EXERCISE DETAILS:
Only one stretch of the data below should be repeated: the lines from the line containing "Gdansk Letnica. Budowa" through the line containing "QUE TIRO FOI ESSE?", inclusive, exactly as they are.

DATA SHOWN:
■ ■ ■ ■ ■ ■ ■
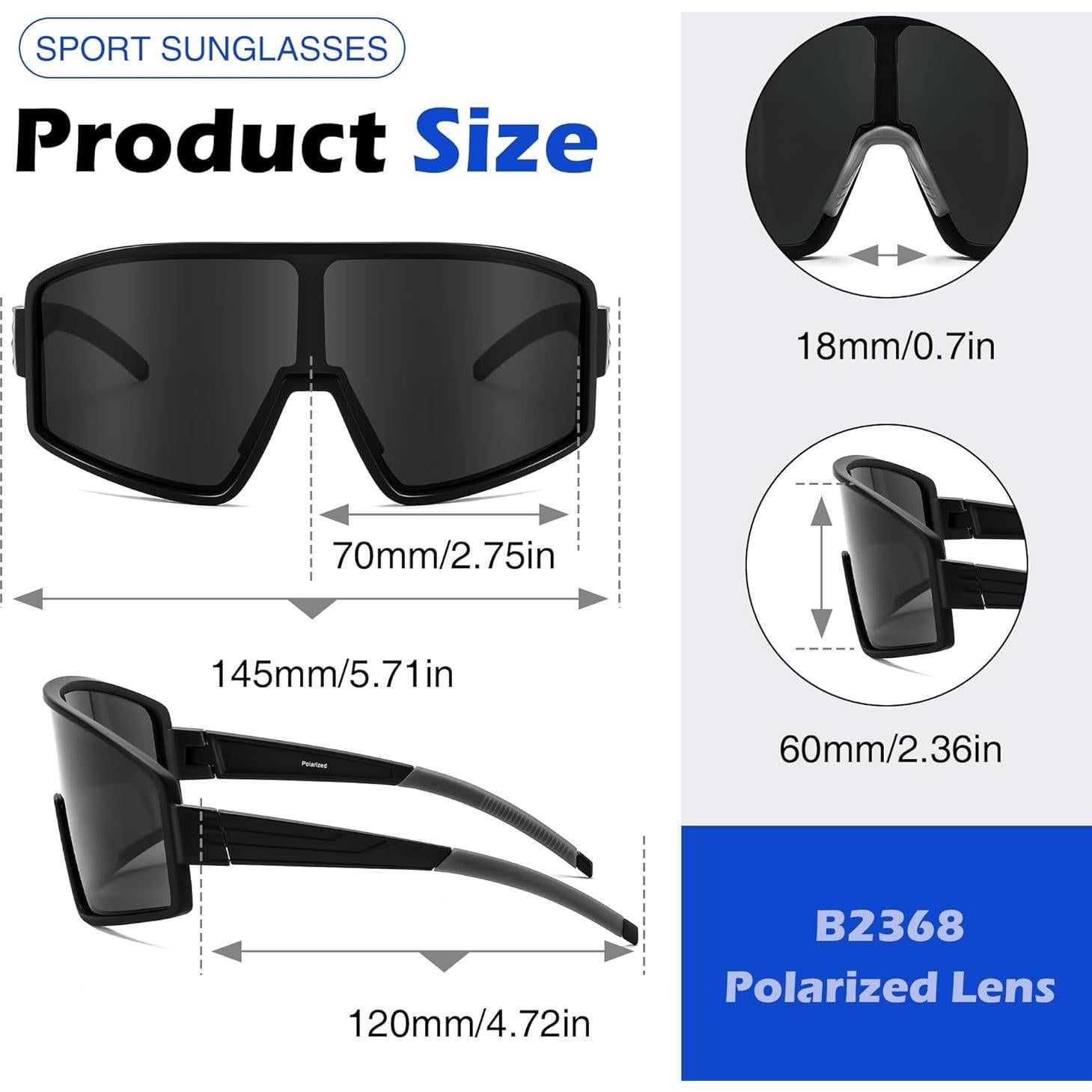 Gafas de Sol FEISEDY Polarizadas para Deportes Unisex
■ ■ ■ ■ ■ ■ ■
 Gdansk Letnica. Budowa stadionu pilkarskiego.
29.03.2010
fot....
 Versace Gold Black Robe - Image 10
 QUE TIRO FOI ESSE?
■ ■ ■ ■ ■ ■ ■
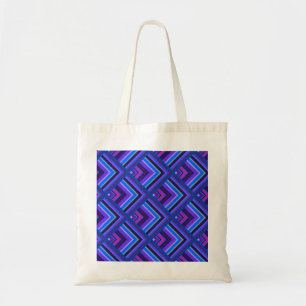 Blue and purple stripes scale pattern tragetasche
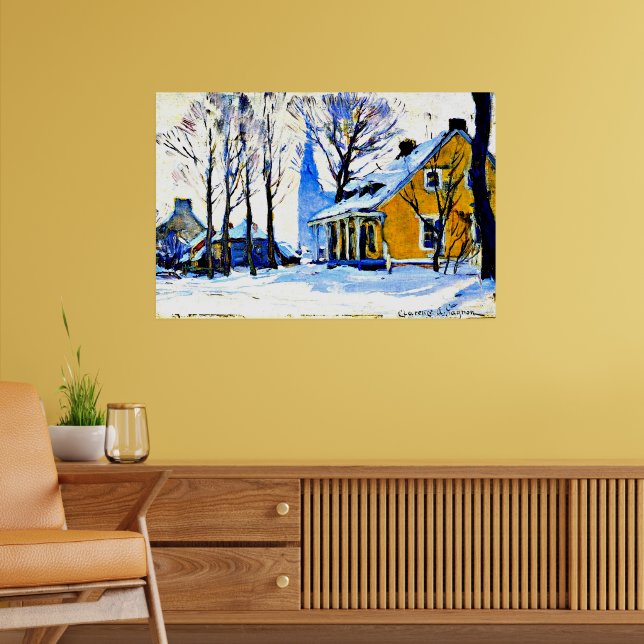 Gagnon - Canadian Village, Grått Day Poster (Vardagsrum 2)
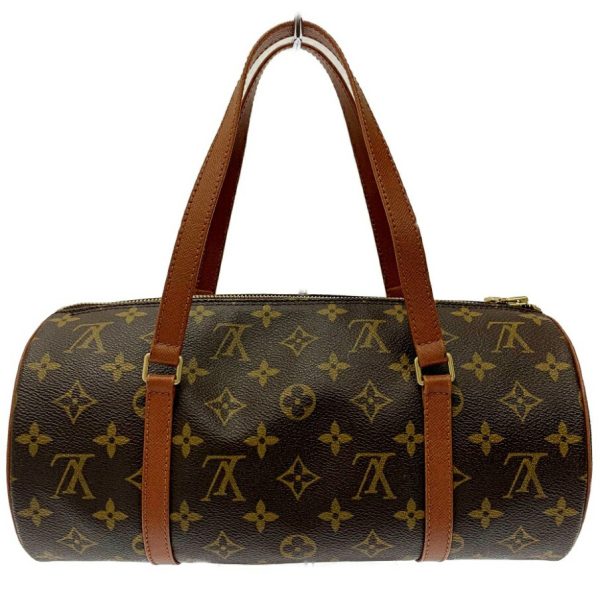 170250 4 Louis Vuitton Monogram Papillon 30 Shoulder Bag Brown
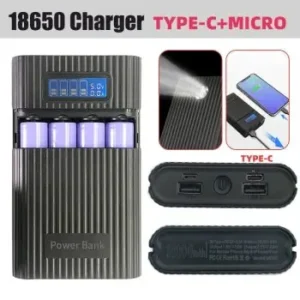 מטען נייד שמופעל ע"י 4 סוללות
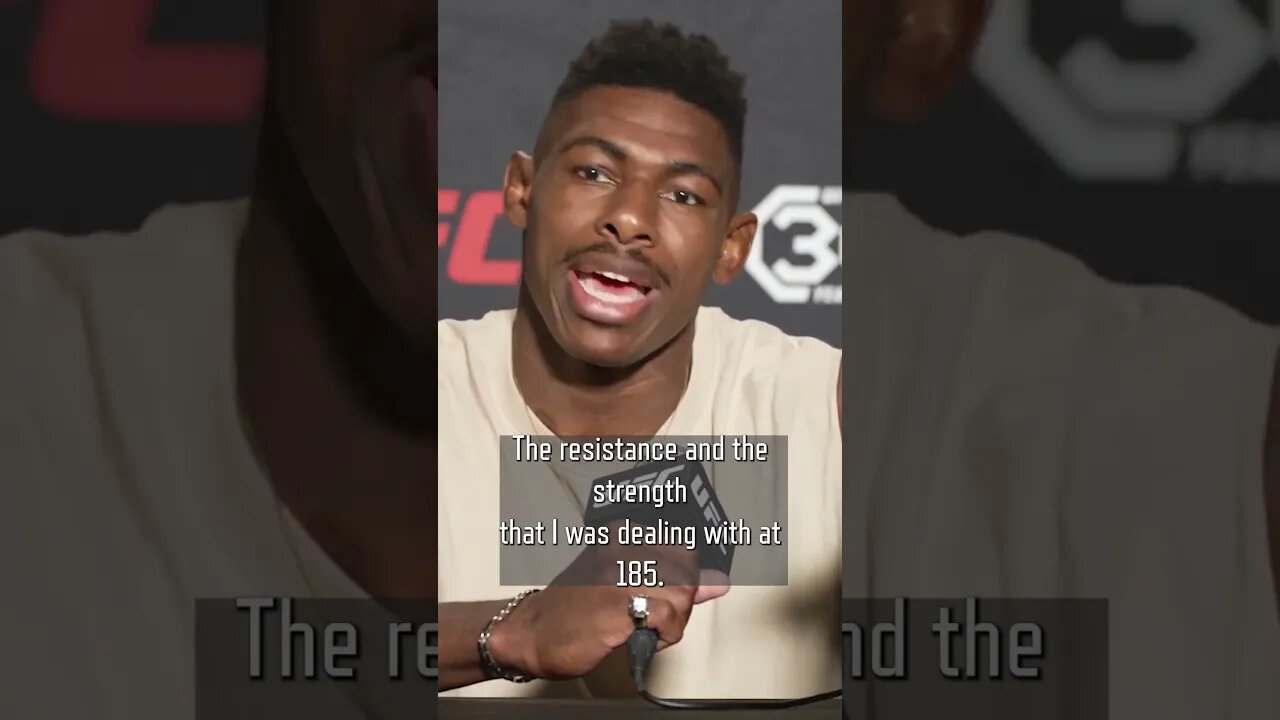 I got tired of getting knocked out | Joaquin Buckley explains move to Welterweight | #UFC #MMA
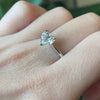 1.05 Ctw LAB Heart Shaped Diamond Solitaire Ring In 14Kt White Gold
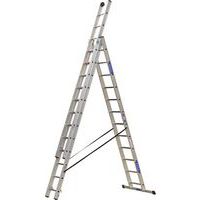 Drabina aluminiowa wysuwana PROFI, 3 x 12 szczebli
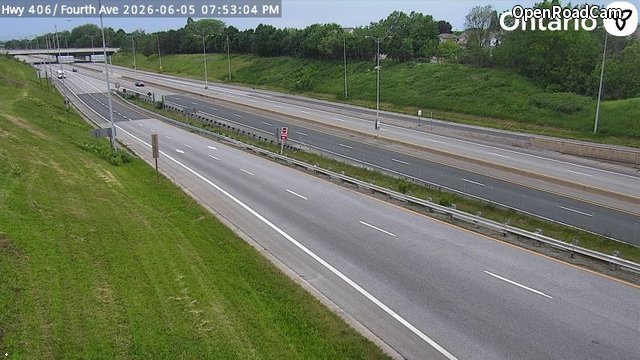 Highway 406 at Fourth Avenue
■ ■ ■ ■ ■ ■ ■
EXERCISE ANSWER:
 Gdansk Letnica. Budowa stadionu pilkarskiego.
29.03.2010
fot....
 Versace Gold Black Robe - Image 10
 QUE TIRO FOI ESSE?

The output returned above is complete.